#### WHAT THE TASK REQUIRES
Leaving out every picture, copy the lines of the data exactly, from the first through the line containing "Aguantando la tormenta".

#####

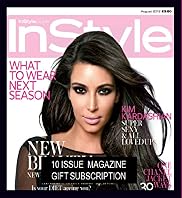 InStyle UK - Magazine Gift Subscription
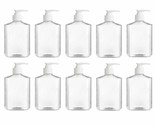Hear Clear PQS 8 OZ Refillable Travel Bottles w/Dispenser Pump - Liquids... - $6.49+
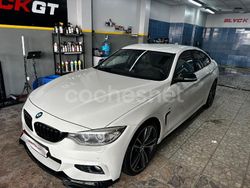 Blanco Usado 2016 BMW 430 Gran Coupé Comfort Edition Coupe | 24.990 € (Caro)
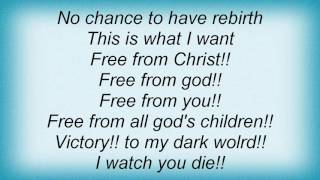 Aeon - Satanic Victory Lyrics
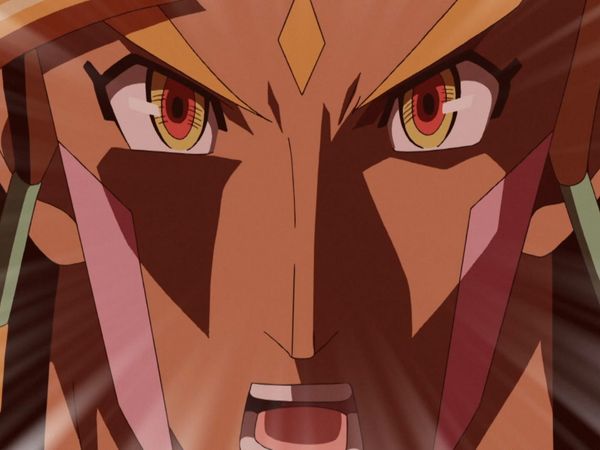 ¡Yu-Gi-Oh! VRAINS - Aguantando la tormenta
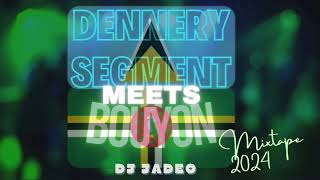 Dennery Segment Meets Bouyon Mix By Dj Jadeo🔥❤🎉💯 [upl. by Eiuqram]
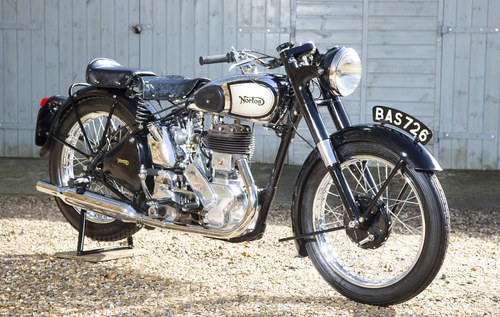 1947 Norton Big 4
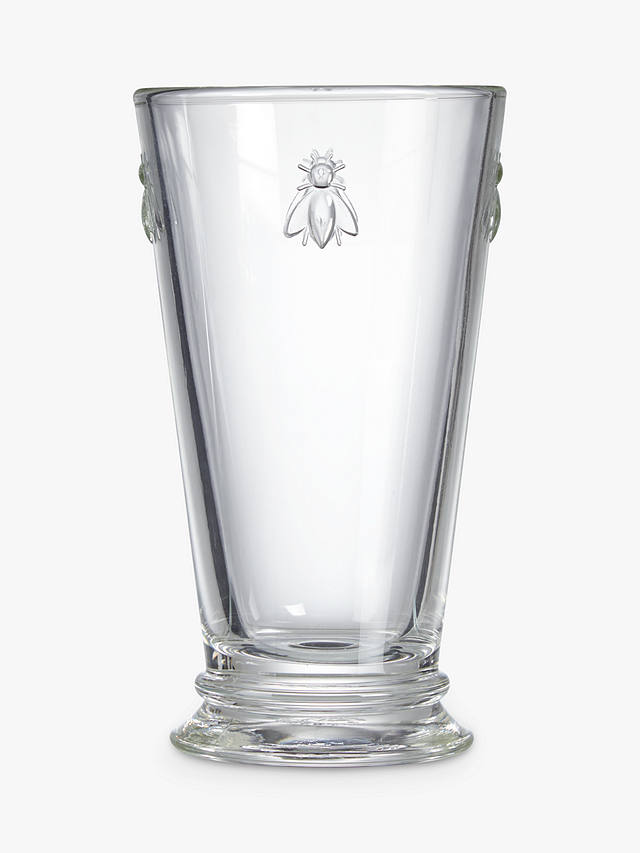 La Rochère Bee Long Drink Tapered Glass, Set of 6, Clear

#####

#### YOUR RESPONSE
 InStyle UK - Magazine Gift Subscription
Hear Clear PQS 8 OZ Refillable Travel Bottles w/Dispenser Pump - Liquids... - $6.49+
 Blanco Usado 2016 BMW 430 Gran Coupé Comfort Edition Coupe | 24.990 € (Caro)
 Aeon - Satanic Victory Lyrics
 ¡Yu-Gi-Oh! VRAINS - Aguantando la tormenta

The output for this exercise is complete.